Constitution fourre-tout

Posons la question différemment : de Gaulle et Debré auraient-ils pu imaginer que cette Constitution, qu’ils avaient tant souhaitée, au sortir de la Seconde Guerre mondiale, pour notre pays, afin de lui donner des institutions solides, deviendrait une sorte de fourre-tout en y intégrant des articles relevant plus du « sociétal » que de l’organisations des pouvoirs publics ? Qu’on y introduirait, un jour, un principe de précaution et une charte de l’environnement ? Merci, Chirac. Qu’on supprimerait, dans l’article traitant des conditions de destitution du président de la République, le concept de « haute trahison », qui avait tout de même de la gueule et des accents mâles de République romaine (SPQR !), pour le remplacer par celui bien fadasse de « manquement à ses devoirs manifestement incompatible avec l'exercice de son mandat ». Merci encore, Chirac. Et qu’on y introduirait le droit à l’avortement ? Merci Macron.

A-t-on dit à Mélenchon qu’on y était depuis belle lurette, en VIe République ?

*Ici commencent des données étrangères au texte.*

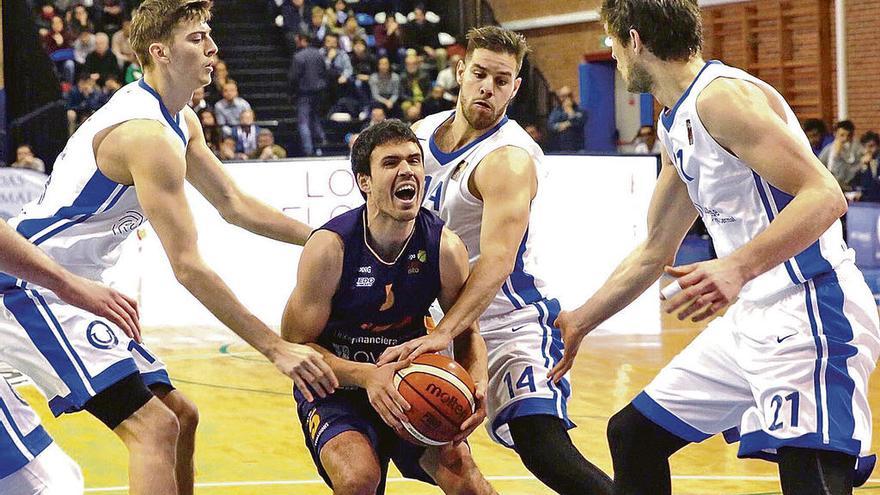 Dani Pérez, con el balón, rodeado de jugadores del Ourense.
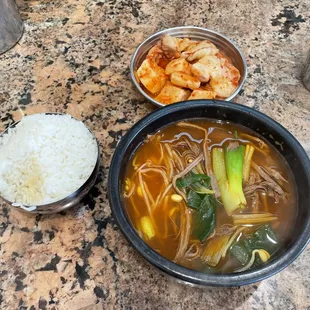 7. Spicy Beef Soup with Vegetable
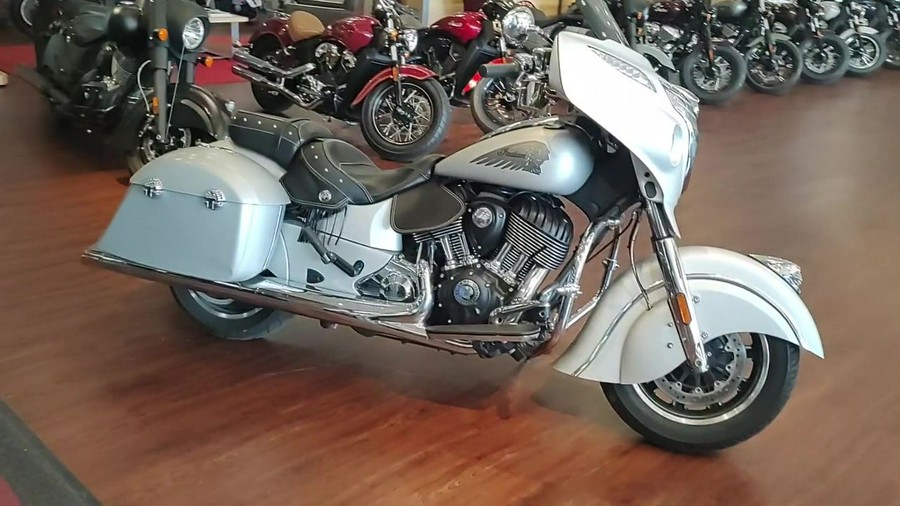 2018 Indian Motorcycle® Chieftain® Classic ABS Star Silver Smoke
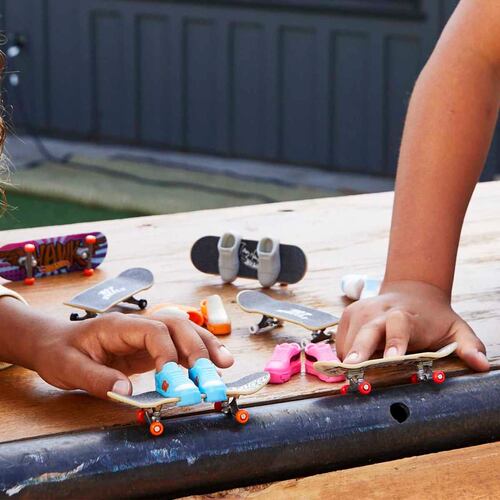 Patineta con Tenis de Skate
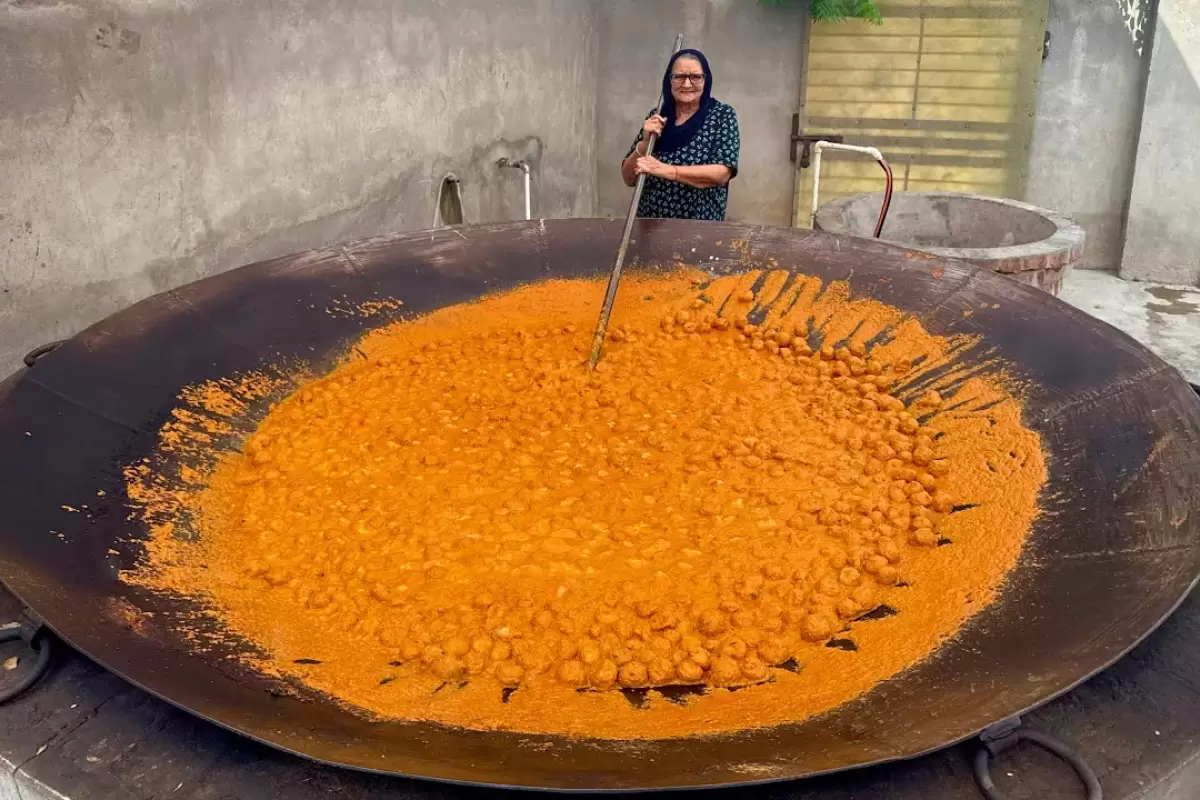 ببینید؛ غذای روستایی در هند؛ پخت کوفته مالای در یک ساج غول پیکر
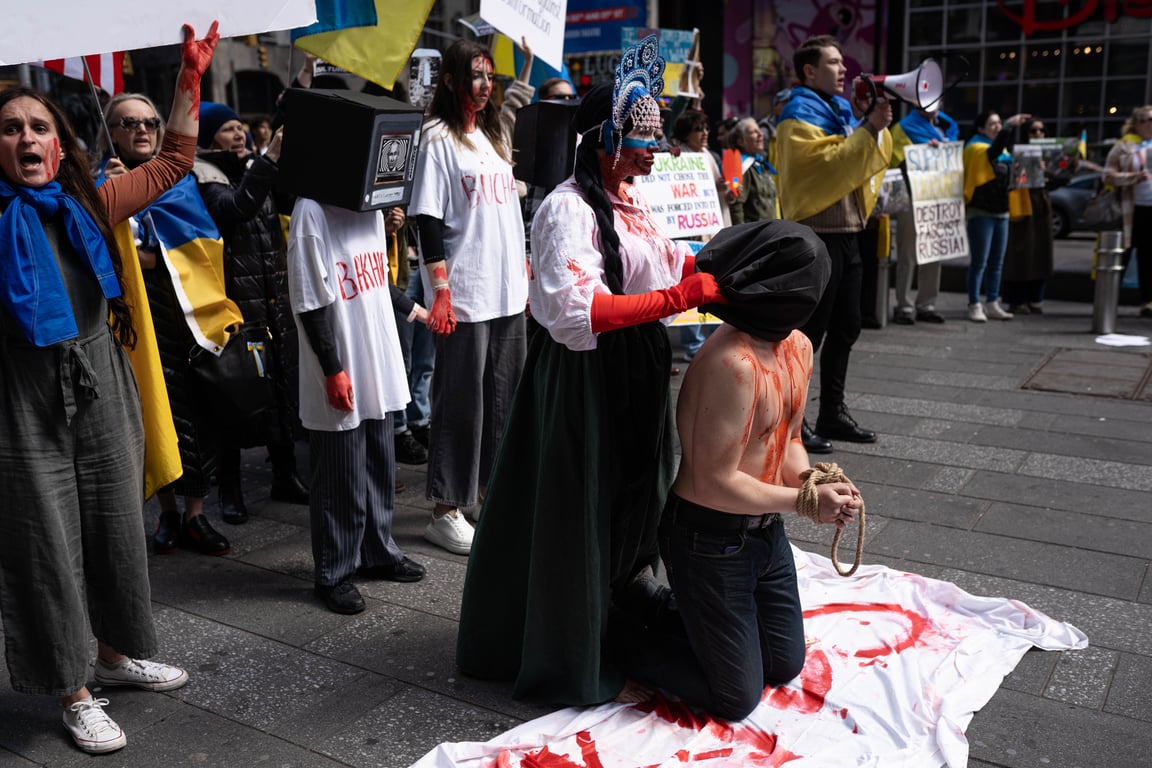 У Нью-Йорку українські активісти влаштували масштабну акцію проти російської культури - фото 8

Faisons les comptes : notre Ve République vient de subir son 25e lifting. Autant dire que la dame ne ressemble plus vraiment au charmant bébé porté sur les fonts baptismaux, il y a maintenant plus de 65 ans, par le général de Gaulle et Michel Debré : trois liftings sous de Gaulle, deux sous Giscard, trois sous Mitterrand, quatorze sous Chirac, deux sous Sarkozy et, enfin, un (pour l’instant) sous Macron. Il y eut, bien sûr, toutes les modifications qui consistèrent à dépouiller par petits bouts notre souveraineté nationale. On ne va pas vous faire la liste de ce lent et pénible calvaire. Mitterrand, Chirac et Sarkozy furent des agents immobiliers particulièrement efficaces de cette vente à la découpe de la souveraineté française, patiemment conquise par nos rois au fil des siècles et défendue farouchement par le grand Charles. Dilapider un patrimoine a toujours été plus aisé pour des héritiers indignes que de le constituer. Il paraît que Jean-Luc Mélenchon et ses affidés insoumis sont les défenseurs acharnés d’une VIe République. Quelle blague ! Leur a-t-on dit, à ces gens-là, qu’on y était depuis belle lurette, en VIe République ? Ah bon ? Le quinquennat et l’hyper-présidentialisation qui en a découlé… Merci encore à Chirac et aussi à Jospin.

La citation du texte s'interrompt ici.